Is it true that this role was originally written for Aamir Khan? 

Yes, that is what I heard later. Vishal said, 'he was asking me a lot of questions and he wanted to alter things'. Aamir must have just had a discussion with him but Vishal apparently said he will call him back and then called me instead. He just said it is not going to work because he wasn't sure it was going to go the way Aamir wanted. It was not something Vishal was comfortable with following. 

I read that they started calling you Khan saab on the set. 

Being the kind of person I am and the films that I had done, there has always been a sense of privilege. There has always been that feeling of whether someone really deserves to be where they are. Some of these theatre guys and film institute chaps have really just come up on the basis of their hard work and talent and then there were some of us who had come up because of privilege. So given that undercurrent, when you are on the set and you do a scene and you are as prepared as those guys and you act at par, then they also feel better that okay they didn't cast somebody just because he is a star. He is right for the part. To earn the respect of those guys somehow felt really important to me. So when Vishal and the crew, who are used to working with actors like Naseeruddin Shah, started calling me Khan saab, it felt like a compliment that one deserved because I had worked on that for a few months.  

Was there ever any discussion on the language? 

There probably should have been but surprisingly, there was not. The idea was to create some kind of language that is natural to the milieu. There is no point in speaking Hindi. You got to sound like these guys. But at the same time, language is something that is for the smart audience that is willing to work a little hard. Good acting and maybe subtitles can help you. 

My father, who was not a Hindi film buff in those days, said this is a really good film and he was really proud of what I did. But he said I didn't understand what you were saying. I need subtitles because the language is hard. 

Tell me about the scene when he sees the kamarband and puts it on his head. We see a tinge of madness in his eyes. How did you get that right? 

It was a really creative time. I remember that shoot and when you are in the zone and inspiration strikes you. I think it was entirely my idea because it looks demented and unhinged when you see it. It was just in my hand and I was fooling around. I remember Konkona (Sen Sharma), Vishal and I used to talk a lot and I was trying to be this intellectual actor. And I had read somewhere that Iago might be impotent but Vishal said 'no, no his wife is too happy'. So he had an idea of maybe we should have a scene where my character and his wife are making love. He couldn't say how he should show it and I was collaborating with him and I said what if we have a moment just after making love. We can be more suggestive with cinema without showing anything. So I remember spraying water on me so I was covered with sweat. And then that kamarband moment happened. 

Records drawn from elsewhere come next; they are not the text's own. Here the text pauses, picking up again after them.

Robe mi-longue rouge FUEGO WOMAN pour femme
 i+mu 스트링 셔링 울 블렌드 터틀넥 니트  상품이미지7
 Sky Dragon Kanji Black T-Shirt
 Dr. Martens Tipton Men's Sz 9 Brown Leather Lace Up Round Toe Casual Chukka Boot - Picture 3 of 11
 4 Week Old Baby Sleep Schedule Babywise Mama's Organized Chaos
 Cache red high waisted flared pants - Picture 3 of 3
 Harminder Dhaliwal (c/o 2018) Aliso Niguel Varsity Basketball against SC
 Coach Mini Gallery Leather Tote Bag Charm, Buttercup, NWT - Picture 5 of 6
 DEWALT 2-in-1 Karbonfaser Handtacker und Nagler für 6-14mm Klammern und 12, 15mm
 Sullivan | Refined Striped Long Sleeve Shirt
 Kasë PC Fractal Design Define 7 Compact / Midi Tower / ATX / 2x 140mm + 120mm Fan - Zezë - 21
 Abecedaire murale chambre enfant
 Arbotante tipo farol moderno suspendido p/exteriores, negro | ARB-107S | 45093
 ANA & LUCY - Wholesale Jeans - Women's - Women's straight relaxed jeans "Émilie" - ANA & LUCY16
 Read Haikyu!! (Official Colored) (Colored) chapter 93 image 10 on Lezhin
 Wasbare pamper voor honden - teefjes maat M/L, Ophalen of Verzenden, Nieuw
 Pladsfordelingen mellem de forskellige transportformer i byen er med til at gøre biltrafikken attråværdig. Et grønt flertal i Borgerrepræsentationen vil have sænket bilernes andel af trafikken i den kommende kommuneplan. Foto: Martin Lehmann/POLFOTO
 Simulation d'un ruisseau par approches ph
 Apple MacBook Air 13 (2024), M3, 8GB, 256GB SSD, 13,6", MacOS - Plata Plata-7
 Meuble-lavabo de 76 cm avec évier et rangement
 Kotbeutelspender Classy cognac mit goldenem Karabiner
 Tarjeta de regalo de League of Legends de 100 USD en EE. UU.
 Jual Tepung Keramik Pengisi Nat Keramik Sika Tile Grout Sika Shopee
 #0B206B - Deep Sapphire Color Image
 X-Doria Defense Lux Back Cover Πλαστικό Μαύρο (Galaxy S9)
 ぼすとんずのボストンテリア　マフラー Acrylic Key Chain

When Vishal and the crew, who are used to working with actors like Naseeruddin Shah, started calling me Khan saab, it felt like a compliment that one deserved because I had worked on that for a few months.

I want to remind you about a review I found. It's by Derek Elly in Variety magazine. He wrote: It's Khan's movie through and through, in a performance of rugged, contained malevolence which trades on his previous screen persona as a likable best friend as well as his stint as the manipulative outsider in Being Cyrus. It's smart casting, superbly realised.

It is so nice. And I remember at IIFA they had nominated me for best villain and there was a whole bunch of people from Amitabh Bachchan to Hrithik Roshan in that list and someone asked me 'how do you rate your chances?' And in full humility and honesty, just looking at this film and looking at those films, I said I rate my chances pretty well. It was a lovely feeling. I got messages from so many people. Ranbir Kapoor said I want to become an actor because of this. Not my performance, but this kind of film. This is what we should be doing. Some people from the industry said you will find it really hard to do something better than this.